To import bank statements into BMD, start with the file type you actually have. In BMD NTCS, BMD Bankauszugsverbuchung can usually import structured bank statement files such as CAMT, MT940, Edifact, and many CSV exports directly. If the only source is a PDF bank statement, the practical route is to convert it into a clean CSV or spreadsheet first, then check field mapping, debit and credit signs, and saldo logic before you import.
Use this decision path first:
- You have a structured bank export such as CAMT, MT940, Edifact, or a bank CSV with consistent columns: use the direct import route in BMD Bankauszugsverbuchung.
- You only have a PDF statement or a messy export with merged cells, unclear columns, or inconsistent signs: use the conversion and cleanup route before import.
- You receive statements from the same client every month but the incoming files vary: standardize the handoff format first, then import the same way each cycle.
When CAMT, MT940, Edifact, or CSV Are the Best Route
The direct BMD route works best when your source file already contains structured transaction data, meaning each booking is already broken into usable fields such as date, amount, text, counterparty, and balance. In that situation, BMD Bankimport is usually faster and more reliable than any manual rebuild. If you already have a clean export from the bank or treasury system, do not create extra work by converting a PDF first.

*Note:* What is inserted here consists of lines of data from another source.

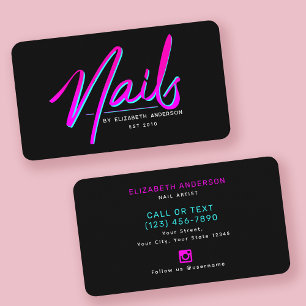 Retro Neon Script Nail Artist Visitkort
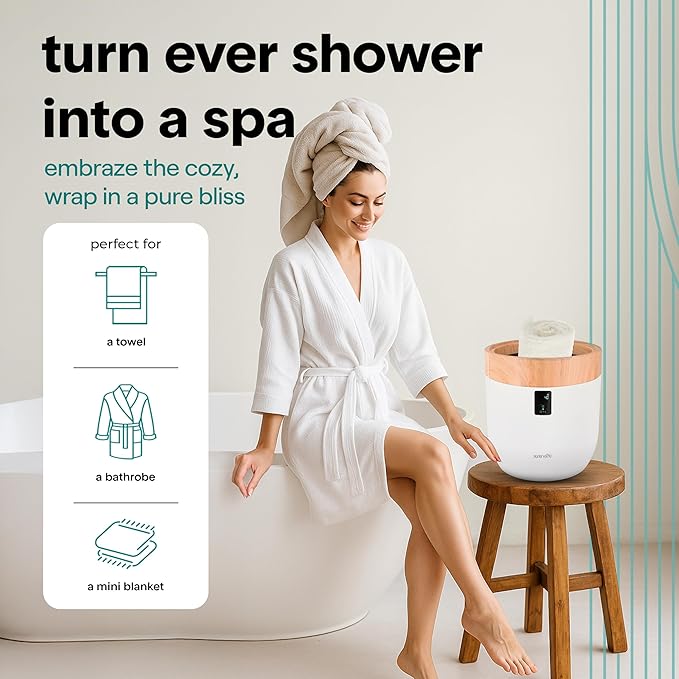 SereneLife Counter Towel Warmer Bucket - with Customized Fragrance for Spa and Bathroom, Luxury Heater, Auto Shut Off, Fits 1 Large Blanket, Bathrobe, PJs (Natural)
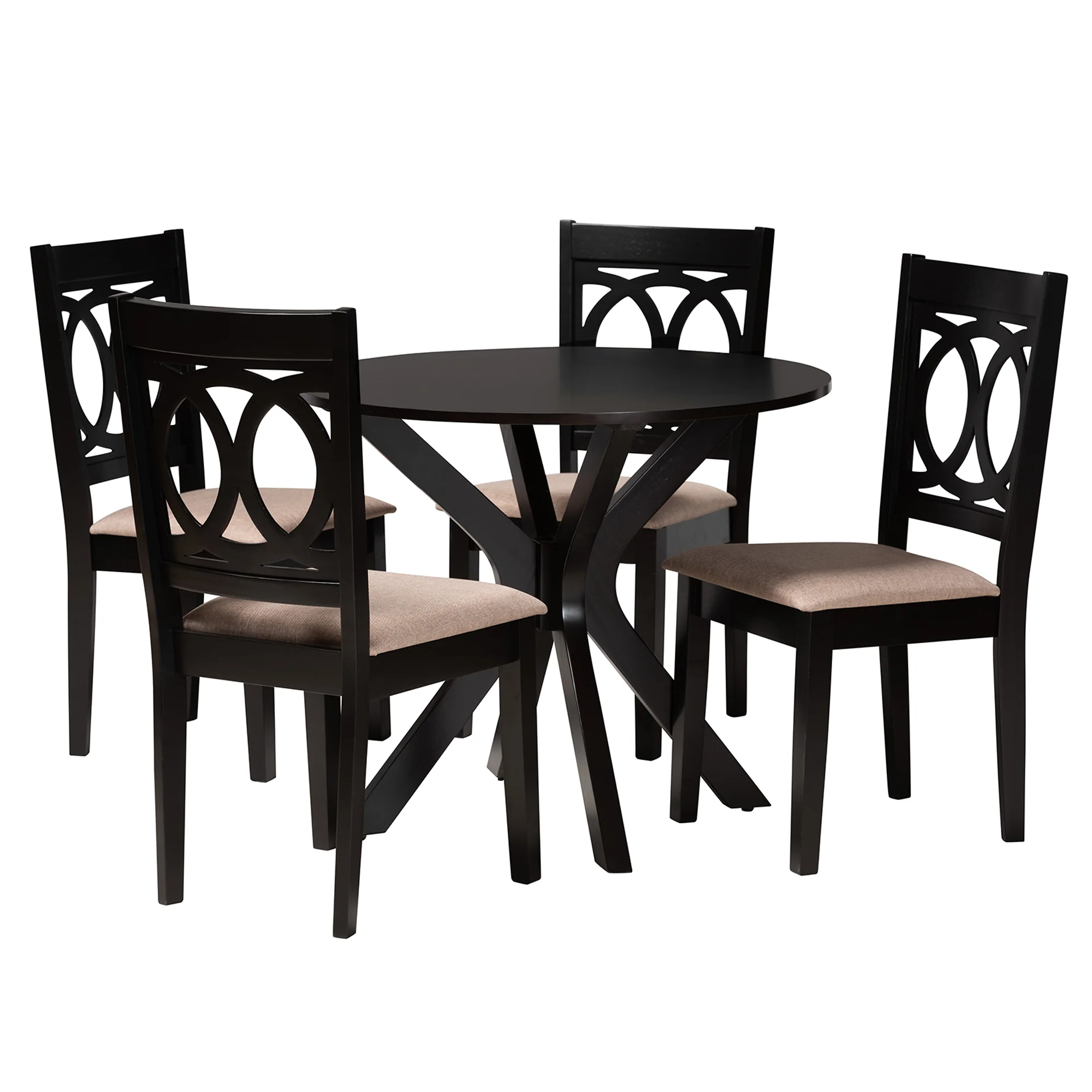 Baxton Studio Sanne Modern Beige Fabric and Espresso Brown Finished Wood 5-Piece Dining Set - Image 2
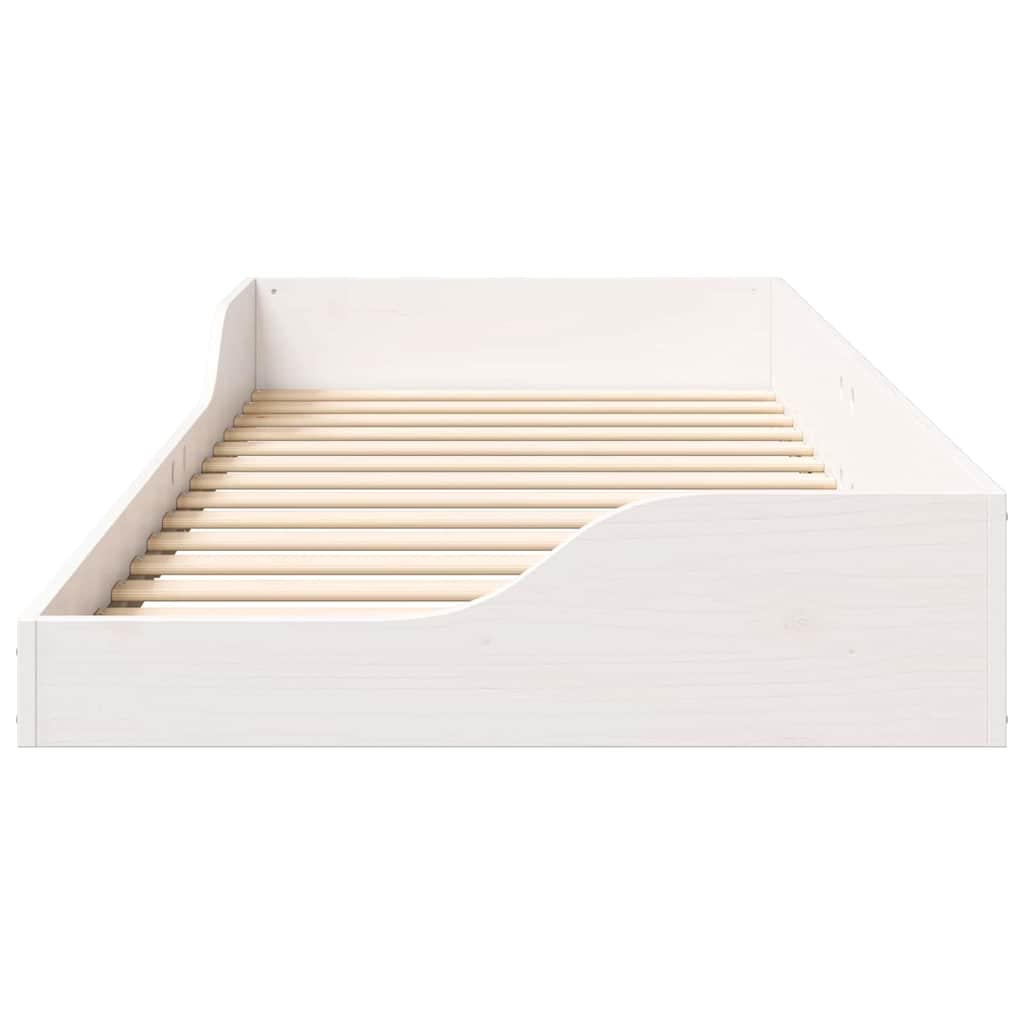 Bettrahmen Weiß 100 x 210 cm Massives Kiefernholz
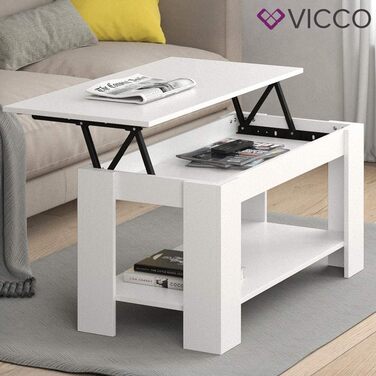 Журнальний стіл Vicco Lorenz білий 100x50 см з підйомним механізмом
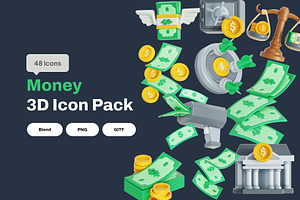 Money 3D Icon Pack, an Object 3D Model by Nate Studios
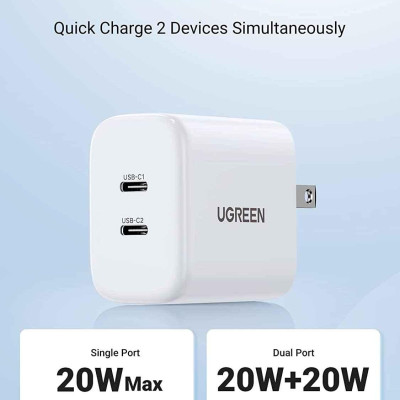 Ugreen UG90299CD243TK 40W Bộ sạc nhanh 2 cổng USB-C chuẩn cắm US Màu Trắng - HÀNG CHÍNH HÃNG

For most teams, CAMT and MT940 are the strongest options when the bank can provide them. A BMD CAMT import is often the best fit because CAMT files are designed to carry structured account statement data in a consistent machine-readable layout. A BMD MT940 import is also a strong choice, especially when a bank still offers MT940 as its standard export. If you need a deeper format comparison, this guide to MT940 and CAMT.053 bank statement formats is useful background, but for day-to-day bookkeeping the practical point is simple: if the bank can export CAMT or MT940, start there before considering any workaround.

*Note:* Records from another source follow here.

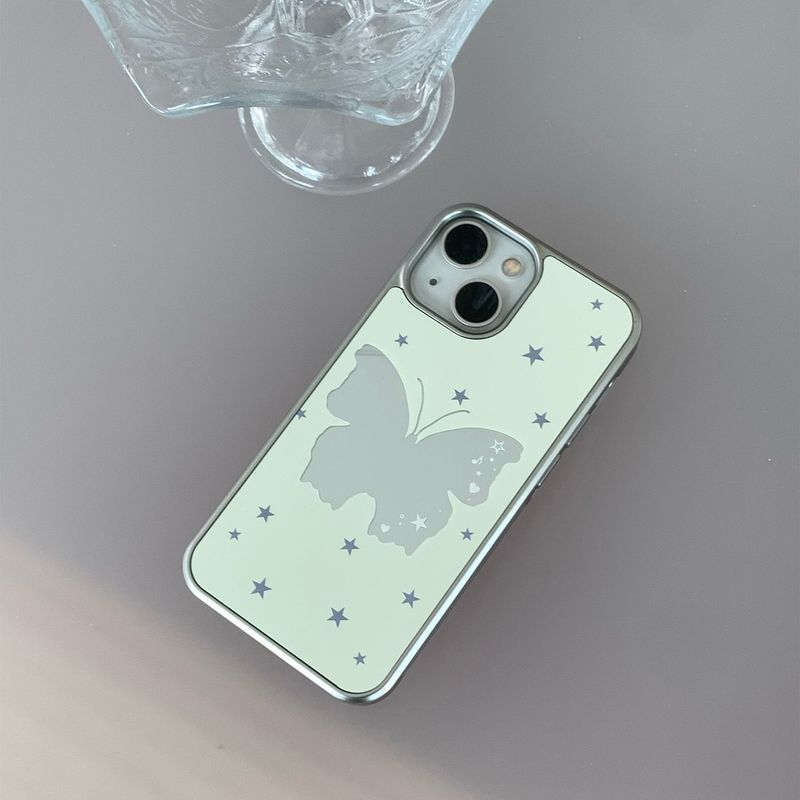 [MADE][Mirror Silver Bumper Case] Butterfly Mirror Case • Yellow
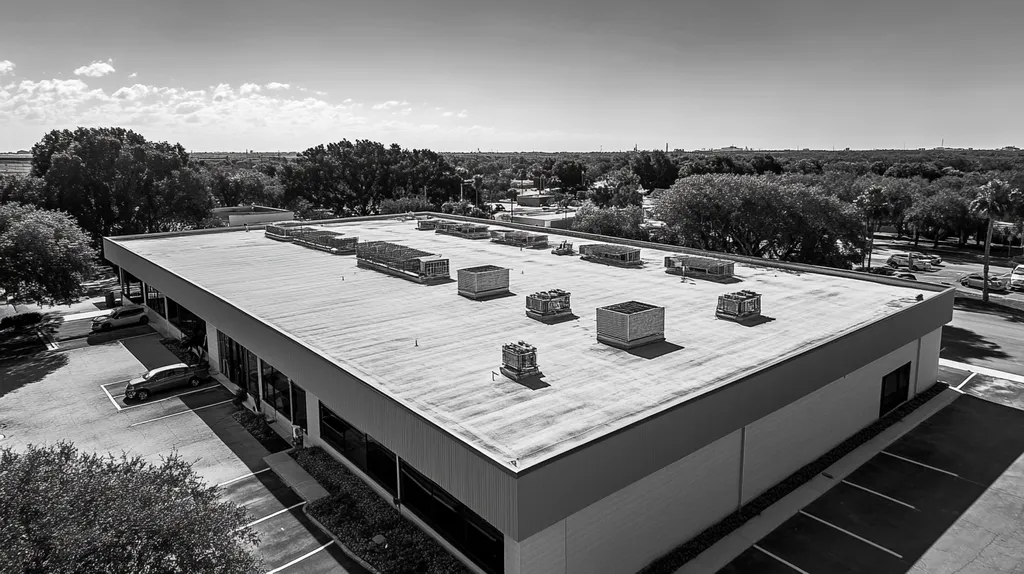 A commercial roof on a post office in a location similar to Tampa with a black and white photography aesthetic (AI image)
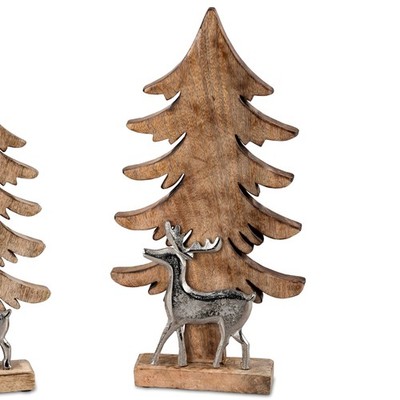 Dekofigur Baum mit Hirsch H. 42cm silber natur aus Alu + Mango-Holz Formano WA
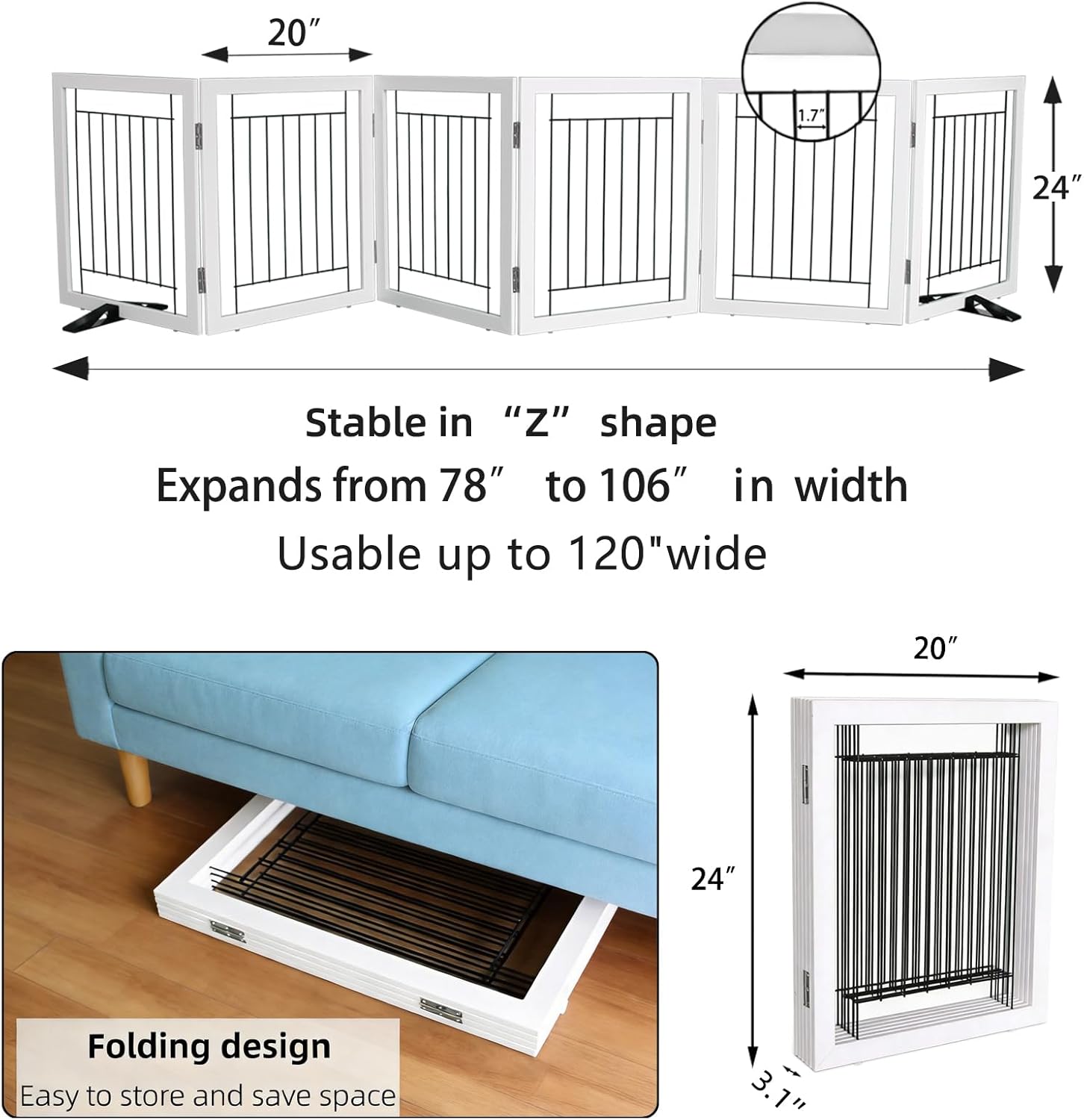ZJSF Freestanding Dog Gate Indoor, Foldable Dog Fence for Doorways,Hallways or Stairs, Sturdy Wood Extra Wide Pet Gate with Support Feet,White,24 "Height-6 Panels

Edifact can also be the right path, but it is more situational. You are more likely to see it in corporate banking, EDI-heavy workflows, or finance environments where statement data is already exchanged between systems rather than downloaded manually by a bookkeeper. When Edifact is available in a format BMD accepts, it can reduce rekeying and preserve structure well. The tradeoff is availability: many smaller teams will see CAMT, MT940, or CSV more often than Edifact in real client handoffs.
CSV is the most flexible option, but it is also the format most likely to need cleanup before import. CSV works well for BMD Bankimport when the file is consistently prepared, especially in four areas:
- The column order stays the same from row to row and from file to file.
- Dates use one format throughout, such as DD.MM.YYYY or YYYY-MM-DD, without mixing styles.
- Debit and credit amounts use a consistent sign convention, so negatives are always negative and credits are not alternately shown with text labels or separate columns.
- Opening or running balances are handled consistently, because missing or irregular balance fields can create import and reconciliation problems later.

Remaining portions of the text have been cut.